Récit

Les sept plaies de l’Algérie

La première malédiction de l’Algérie, c’est le FLN et ses apparatchiks. Nous sommes gouvernés par un parti qui a fait une guerre de libération et qui se pose en libérateur en s’accordant les privilèges du vainqueur. La deuxième malédiction, c’est l’armée et ses généraux. L’Armée de libération nationale, c’est son titre. Le peuple est évacué. C’est le peuple qui s’est libéré mais l’armée le spolie de sa victoire pour se l’attribuer. La troisième malédiction, c’est la « Securitate » et ses tortionnaires. C’est une armée secrète, obscure, invisible, qui terrifie les gens. La quatrième malédiction, c’est le socialisme et ses profiteurs. L’option socialiste de ­l’Algérie a enfanté un peuple d’assistés, de profiteurs, une majorité de gens qui ont accès à la distribution, à ce qu’on a appelé « la mangeoire ». Le socialisme de la mangeoire. Les gens abandonnent alors toute dignité et se mettent au service du petit chef du coin qui les nourrit, et ça se passe très bien...

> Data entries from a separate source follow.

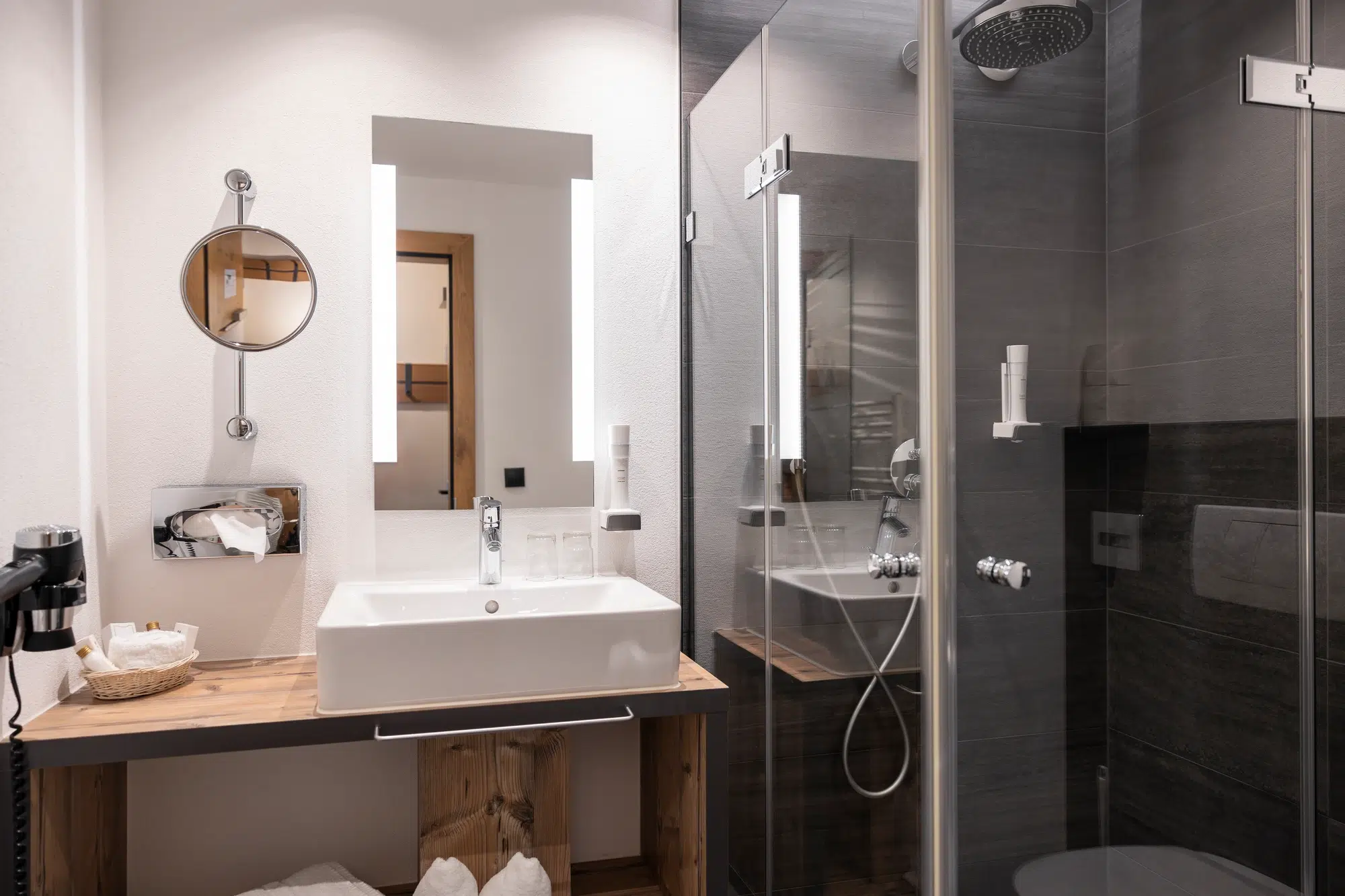 Modernes Zimmer-Badezimmer mit Waschbecken, rundem Spiegel, Glasdusche und Holzarbeitsplatte.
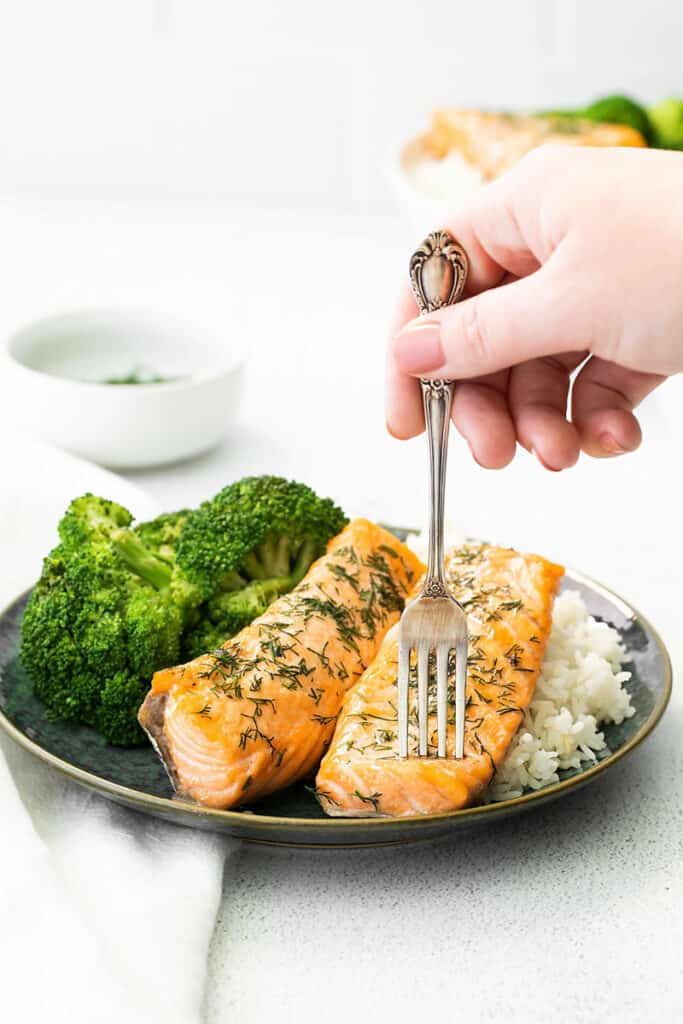 fork taking bite out of air fryer salmon fillets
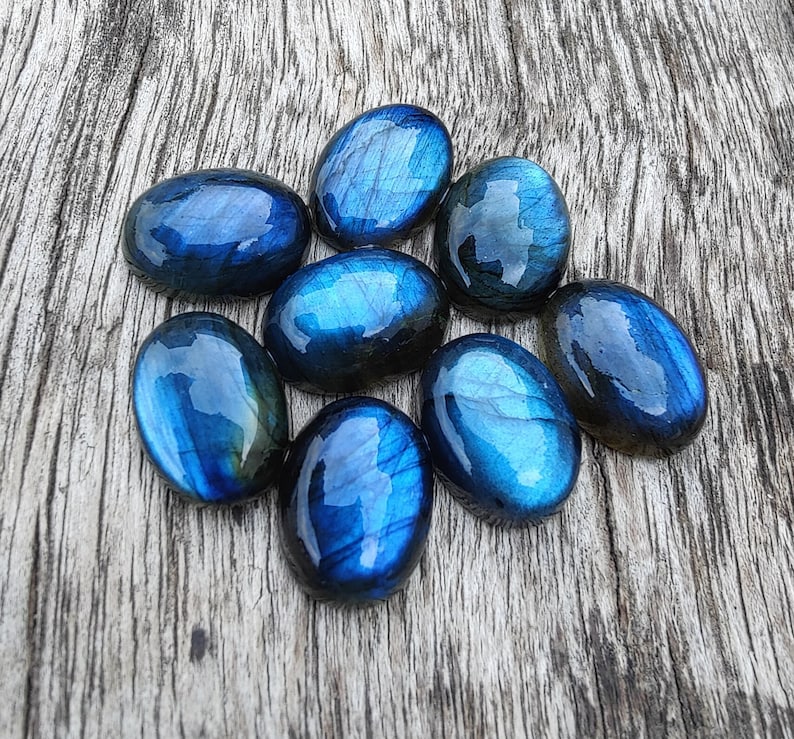 May include: A collection of eight oval-shaped labradorite gemstones, each with a unique blue and green iridescent sheen. The stones are arranged in a cluster on a wooden surface.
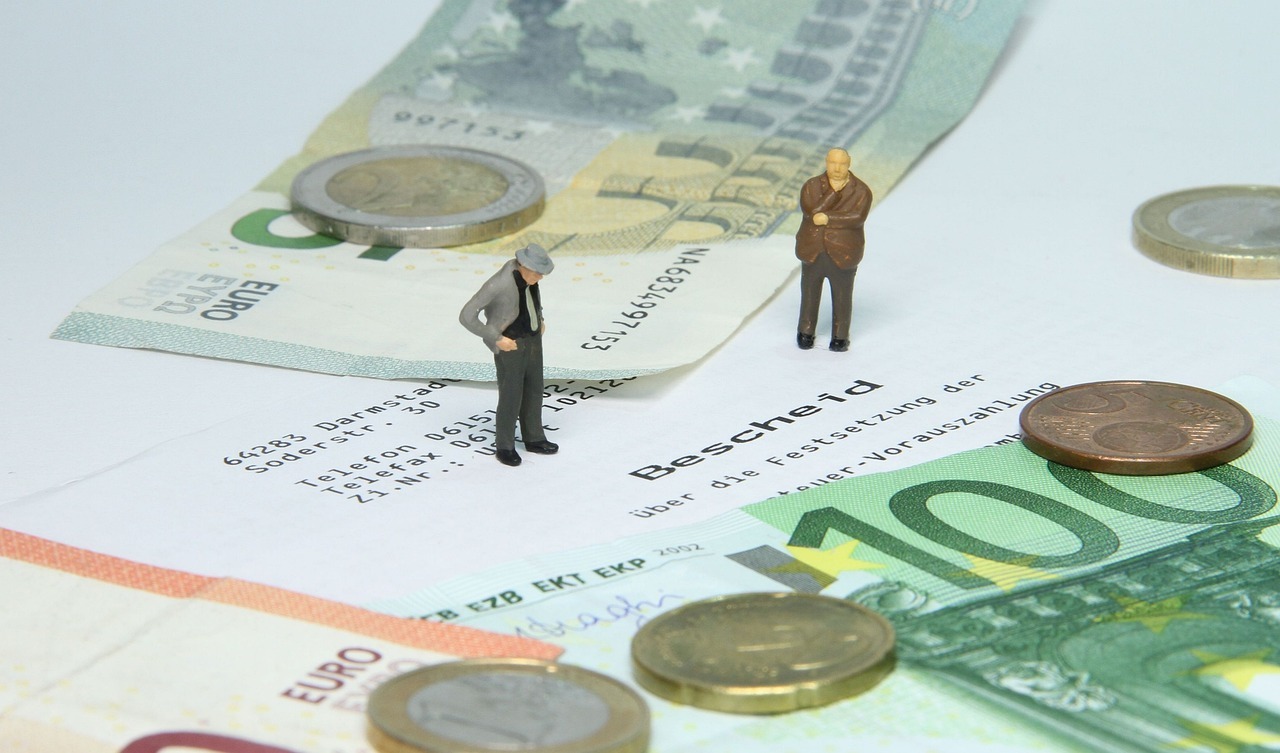 2 Menschliche mini Figuren stehen auf einem Bescheid und außen liegt Geld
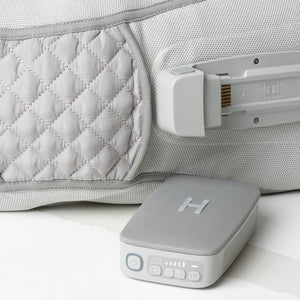 Close View of controller compartment and controller of Homedics® Modulair compression knee wrap.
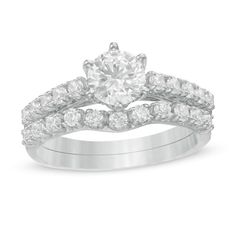 An effortless classic, this diamond bridal set is a beautiful symbol of your love. Crafted in cool 10K white gold, the quintessential engagement ring showcases a 3/4 ct. diamond sparkling atop a diamond-lined shank. Additional diamonds adorn the gallery. Complete her look with contoured diamond-lined wedding band. Captivating with 1-1/2 cts. t.w. of diamonds and a bright polished shine, this bridal set complements her unique style - today and always. Classic Diamond White Solitaire Bridal Sets, Diamond White Solitaire Bridal Sets For Promise, Diamond Solitaire Bridal Sets With Round Band, White Gold Bridal Set With Solitaire Round Cut, Anniversary Solitaire Moissanite Bridal Sets, Anniversary Moissanite Solitaire Bridal Sets, Classic Bridal Sets With Diamond Center Stone, Solitaire Round Cut Diamond Bridal Sets, White Moissanite Bridal Sets With Brilliant Cut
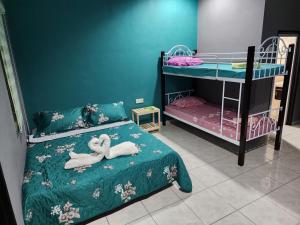 une chambre avec deux lits superposés avec des serviettes sur le lit dans l'établissement Tok Abu Heritage Roomstay, à Pantai Cenang 45 autres photos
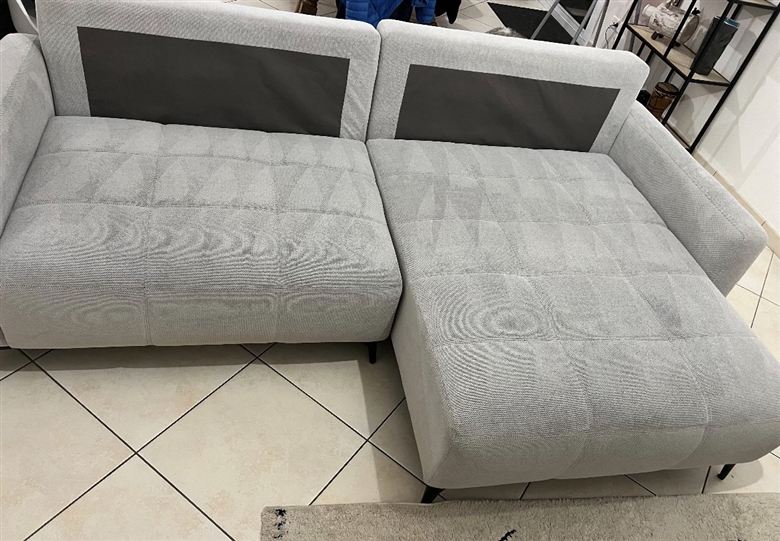 Canapé d'angle gris à motif géométrique nettoyé à domicile par Lustr'o Detailing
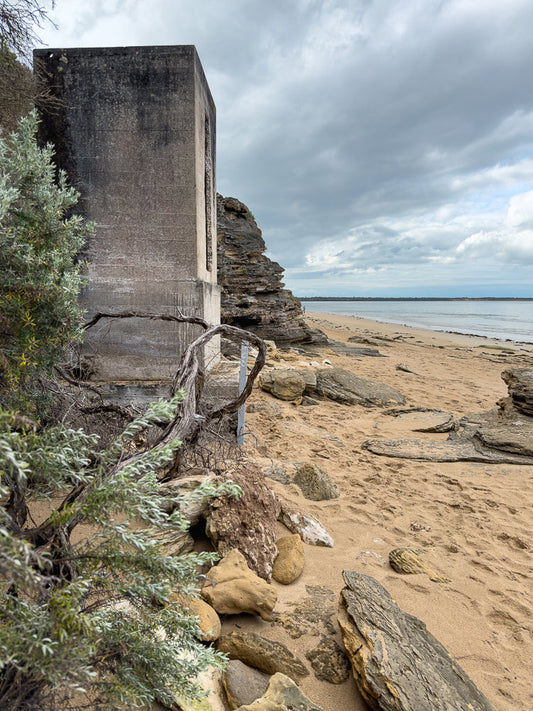A concrete structure stands on a sandy beach next to layered rock formations. A person is visible in the distance on the beach. The sky is overcast with clouds.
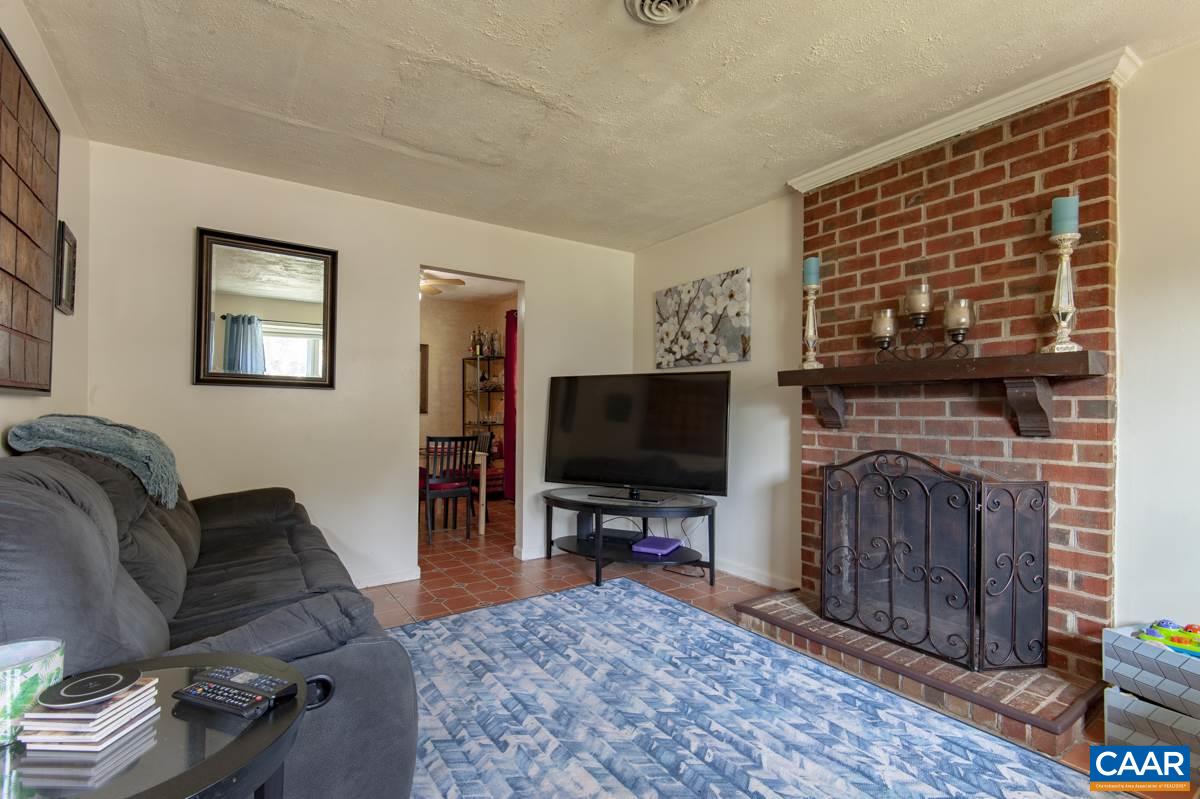610 Bailey Road Charlottesville, VA 22903 - Photo 4 of 25 a living room with furniture and a flat screen tv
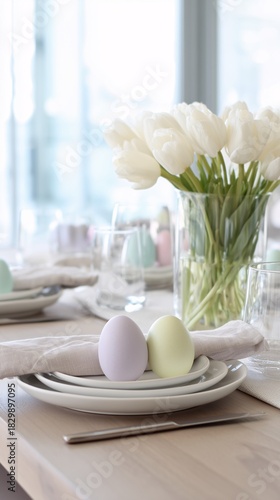 Eggs and flowers on a table in front of a vase.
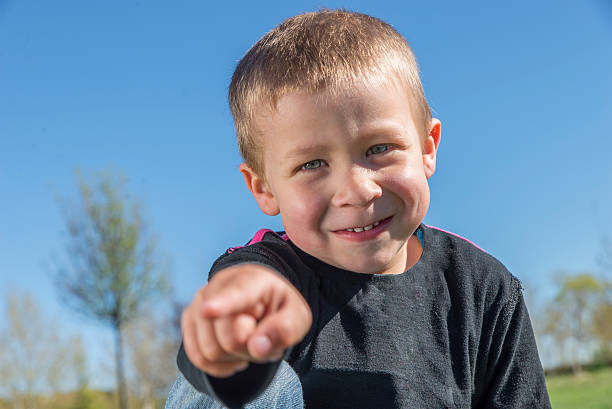 istock Child smiles at the park is pointing 486696212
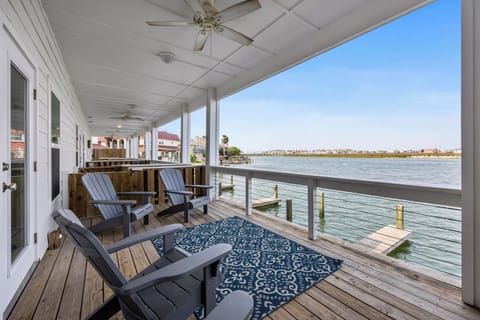 Relax on your private waterfront deck with stunning lake views, comfortable seating, and gentle ceiling fans creating the perfect escape.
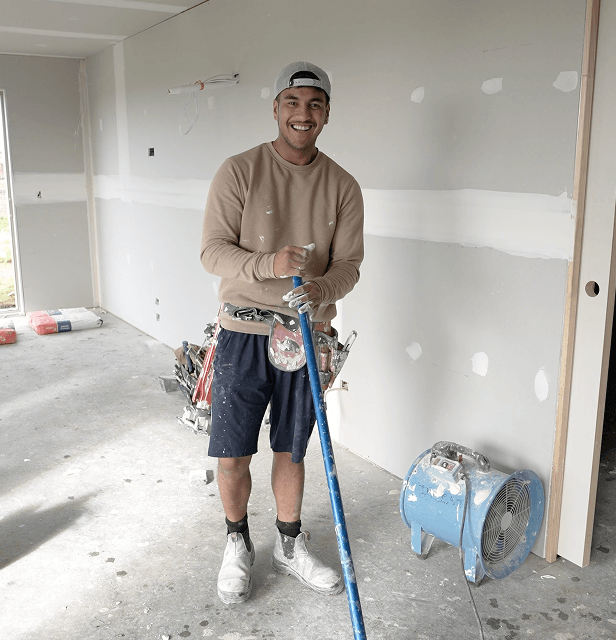 A smiling man in work clothes stands in a room under construction, holding a paint pole. 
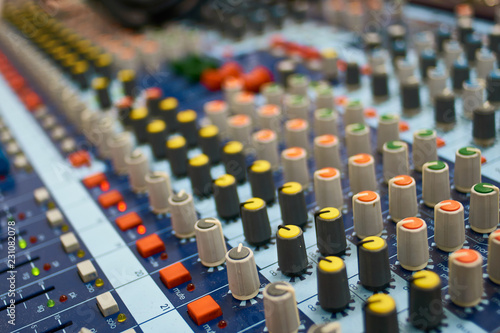The big control desk of mixing console. the series of encoders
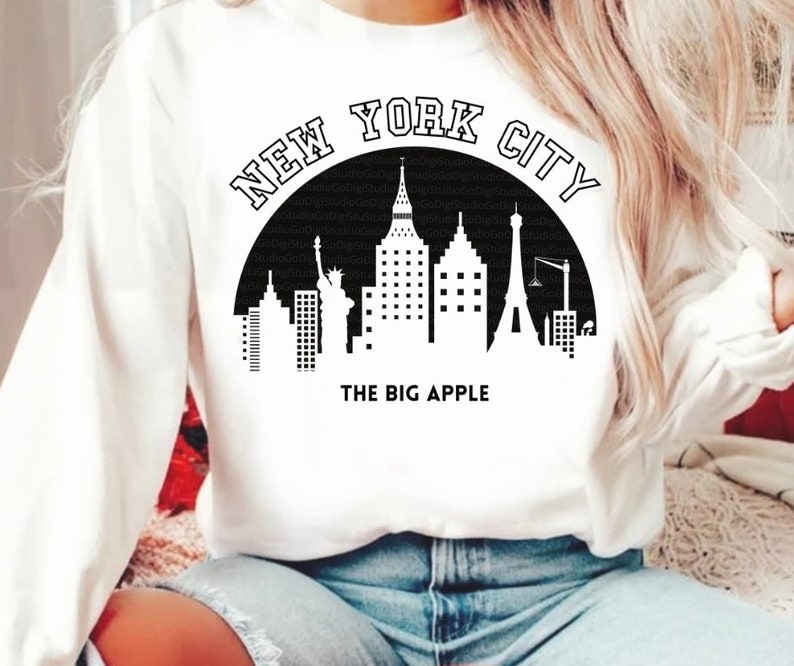 May include: White sweatshirt with a black graphic of the New York City skyline, including the Statue of Liberty, the Empire State Building, and the Chrysler Building. The graphic also includes the text "NEW YORK CITY" and "THE BIG APPLE".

Passons aux deux grandes malédictions arrivées dans les années 1970 : la religion et l’arabisation. L’Algérie était un pays laïque, révolutionnaire. Son peuple se situait dans la modernité. À cette époque, voilà qu’il sombre dans la religion, comme si les gens étaient soudain drogués. Quant à l’arabisation, c’était d’abord un discours, celui de l’algérianisation, de l’authenticité : il fallait réintégrer sa religion, se réapproprier sa langue, sa culture. Mais au début des années 1980, avec le président Chadli, on a basculé dans ces folies qui nous ont coupés du monde et ont mis dans la tête des gens qu’avec la religion, avec l’islam, avec la belle langue arabe, les Algériens étaient des êtres exceptionnels. 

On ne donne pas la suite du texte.